I was able to run a logistic regression on a single phenotype (code below for reference), but it took a long time—7 minutes. I’m wondering what is making it take so long, and whether there’s a way to parallelize this that I’m not taking advantage of. My guess is that Hail already does this under the hood (such that when we figure out how to run regression on multiple phenotypes, it will go faster than just running them serially), but I’m not sure.

One guess I have for why this is taking so long is that the burden_mt3 I’m using is just a few commands away from the mt_snps described in this post. Since mt_snps seems like it might be so complicated an expression that I can’t even write it to disk, I wonder whether a lot of processing to materialize burden_mt3 is occurring after I run the regression.

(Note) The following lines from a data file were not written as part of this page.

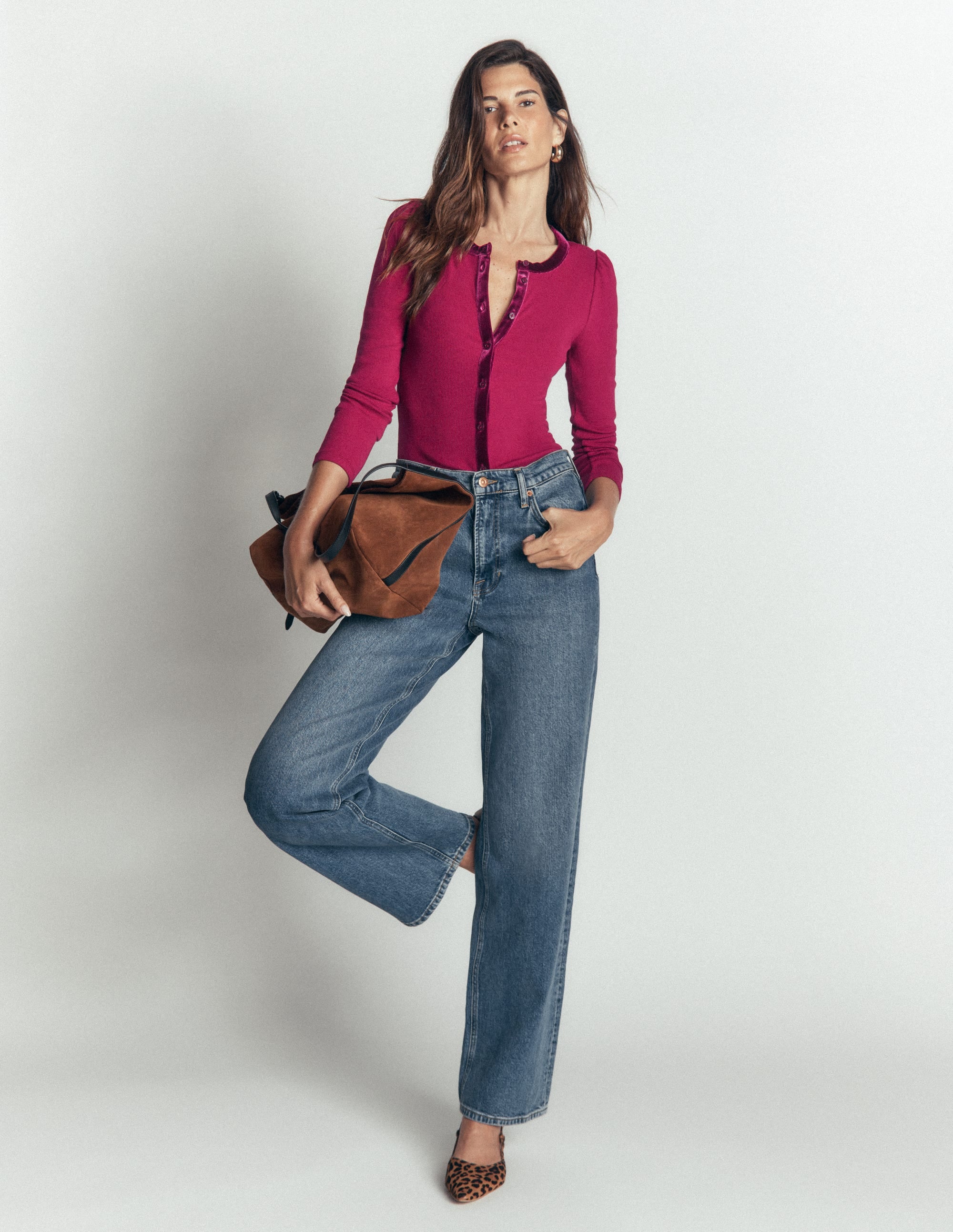 Velvet Trim Ribbed Cardigan-Beetroot Red - Image 5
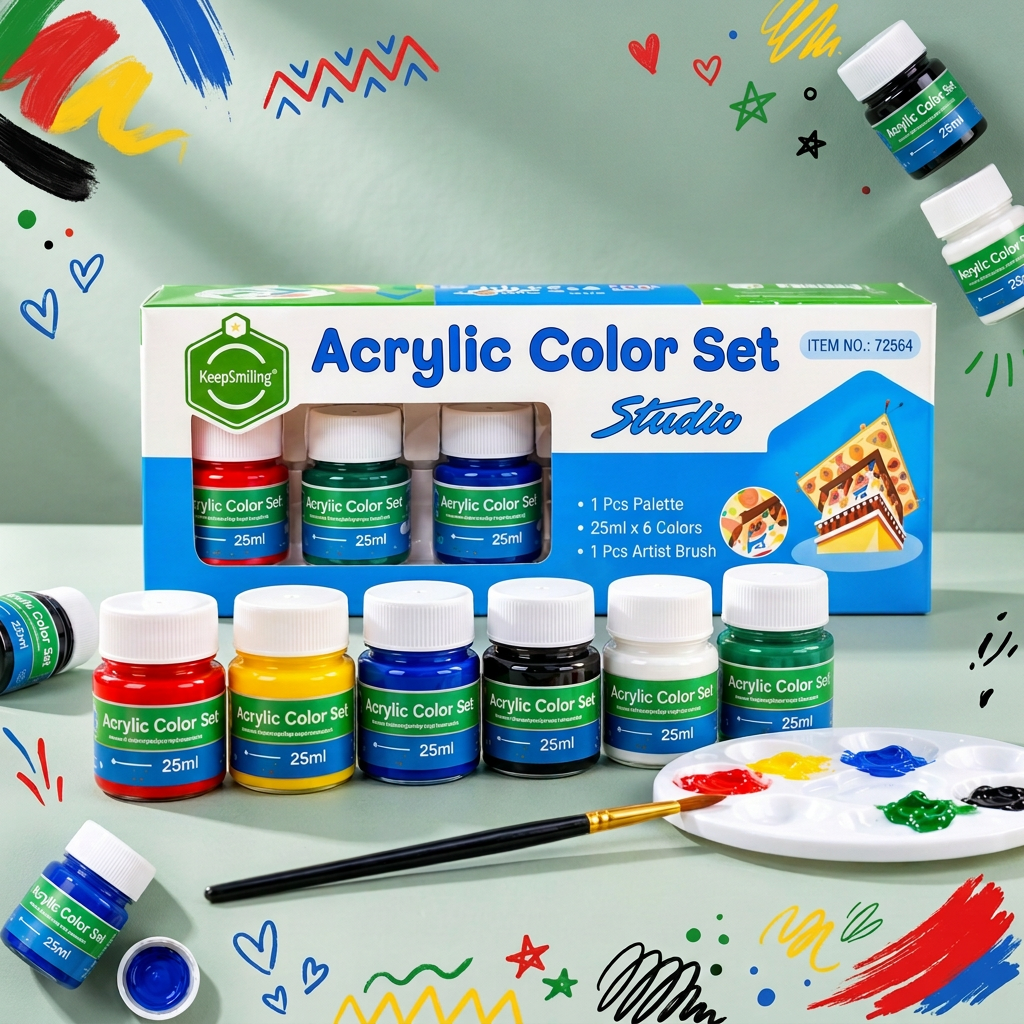 Acrylic Color Set (6 Colors + 1 Palette + 1 Artist Brush)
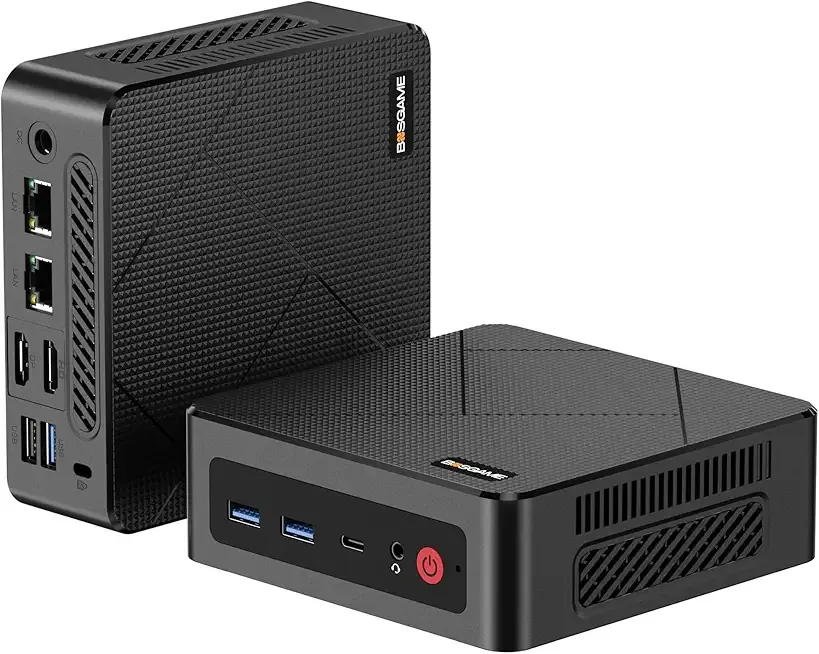 BOSGAME E4 Air Mini PC, Mini Computers with AMD Ryzen 5 3500U, 8GB DDR4 256GB SATA SSD, Dual RJ45, 4K Triple Display, USB-C, USB 3.2, Wi-Fi 5/BT 5.0, Desktop Computers for Office, Home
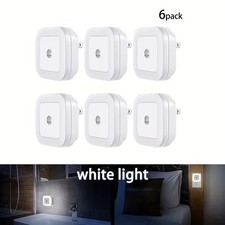 6Pcs Plug-in LED Night Lights Lamp Dusk to Dawn Sensor Hallway Kitchen Bathroom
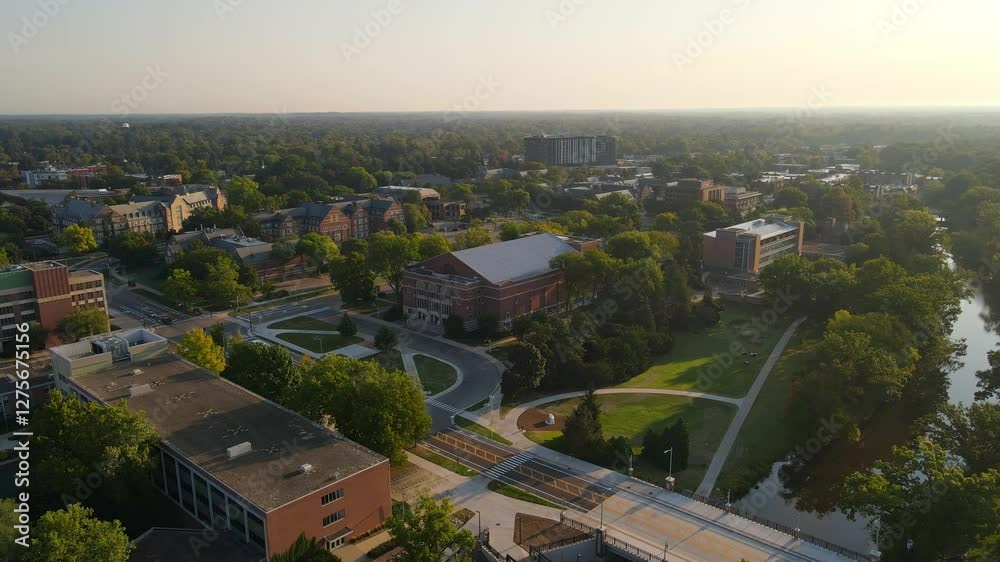 Department of Theatre in Michigan State University (MSU), aerial orbit view Department of Theatre in Michigan State University (MSU), aerial orbit view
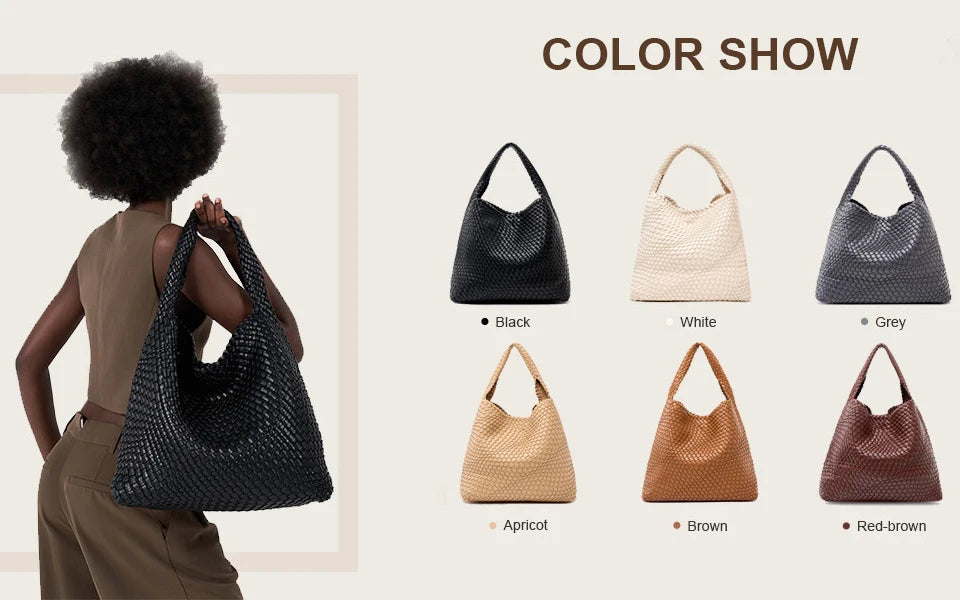 Woven Tote Bag for Women Large Woven Handbag Soft Leather Shoulder Bag Work Shopper Summer Beach Travel Tote Bag with Purse.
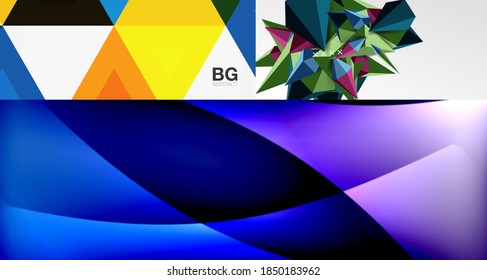 Set von minimalen geometrischen abstrakten Hintergründen. Vektorgrafiken für Deckeln, Banner, Flyer und Plakate und andere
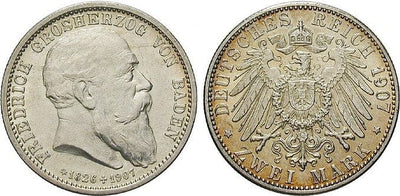 kosuke_dev ドイツ バーデン フリードリヒ1世 1907年 2マルク 銀貨 極美品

So, one thing I’m going to try next is to write intermediate matrixtables to disk and then (re-)read them. My hope is that this way, Hail won’t have to keep track of and run all the statements each time I do something to materialize the matrixtable.

%%time 

regression_results3 = hl.logistic_regression_rows(
    test = 'wald',
    y=burden_mt3.phecode_275_5.has_phenotype,
    x=burden_mt3.n_variants,
    covariates=[1.0,
                burden_mt3.sample_data.p22009_a1,
                burden_mt3.sample_data.p22009_a2,
                burden_mt3.sample_data.p22009_a3,
                burden_mt3.sample_data.p22009_a4,
                burden_mt3.sample_data.p22009_a5,
                burden_mt3.sample_data.p22009_a6,
                burden_mt3.sample_data.p22009_a7,
                burden_mt3.sample_data.p22009_a8,
                burden_mt3.sample_data.p22009_a9,
                burden_mt3.sample_data.p22009_a10]
)
CPU times: user 538 ms, sys: 17 ms, total: 555 ms
Wall time: 7min 2s

UPDATE: I started reading/writing intermediate matrixtables, and got a 70x speed-up:

CPU times: user 54 ms, sys: 7.24 ms, total: 61.2 ms
Wall time: 5.67 s

If this isn’t emphasized in the Hail documentation (as I don’t believe it is), I think it could really help! In retrospect, I was probably spending a long time just asking the cluster to run the same code over and over again to materialize basically the same matrixtable with slight modification.

Best,
Jeremy